I also ask to look at ABC's balance sheet to see what assets and obligations they have. Assets could be cash, machinery, staff expertise, patents, and anything else with a positive economic value. Obligations (liabilities) would be debts, unpaid rent, employment contracts (salaries) and anything that would deplete the assets.
This all helps me ask the big question - how will ABC best utilize its assets (my investment money, machinery, office space, etc) to achieve its mission (sell great shoes) at a profit (my return). If I am convinced that ABC will optimally use its assets, then I'll invest.
Investing in the arts should be no different. Let's say I am approached to fund a new musical project. I will go through the same process, and define my "return" as butts in seats. If I am going to be a part of something, I want people to see it, and I want the presenting organization to get more exposure as a result.
So, what does ABC Arts Company's income statement look like? Are they relying solely on me for revenue, or will ticket sales and merchandise help fund their work as well? Where will they spend their (my) money? Will enough be spent on marketing? Will too much be spent on parties? Will they price tickets well enough to cover the remaining expenses after my donation (without pricing out their target audience)?

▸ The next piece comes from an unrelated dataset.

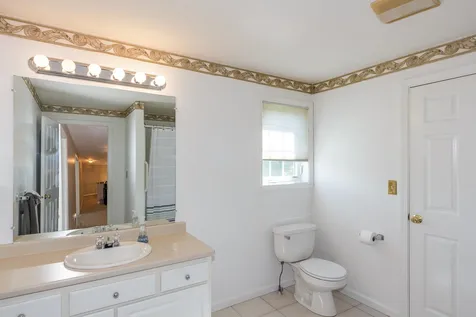 2 Thresher Road Nashua NH 03063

Again, I also want to see the balance sheet to determine where ABC Arts Company is right now. What assets do they have in place to make this musical amazing. What obligations might they still be paying off? What assets are missing, or are not funded well enough to make the most impact?
We come again to my big question. How will ABC Arts Company best utilize its assets (my money, its artistic designers, cast, board of directors, etc.) to achieve its mission (present a stellar new musical) with a healthy return (butts in seats).
Just as a shoe company for expecting moms can never know exactly how many shoes they will sell (pregnancy rates have dropped over the past 20 years), an arts company can never be sure exactly how many tickets they will sell (though attempts are being made). If I am comfortable with the general health of the organization, and I believe ABC Arts Company will turn assets into butts in seats, then I will support.
One question might remain: why butts? Besides lending itself to a catchy blog title, maximizing butts in seats is the optimal metric for defining and projecting success in an arts org. The more butts you have, the more eyes will see your product and mouths will talk about it with their friends. More butts also means more potential donors if you have the right messaging and a good show to put on. More butts means that current donors will see you have been successful and are therefore likely to donate again. More butts almost always means a better experience for the artists on stage, and increased ticket revenue for your organization. That increased revenue leads to your ability to create more shows, increase staff capacity, market more, etc.
If butts aren't your thing, that's cool. Just be sure to define your own "return," project and measure that return, and think of your org more like a business and less like a not for profit. Would you invest in you?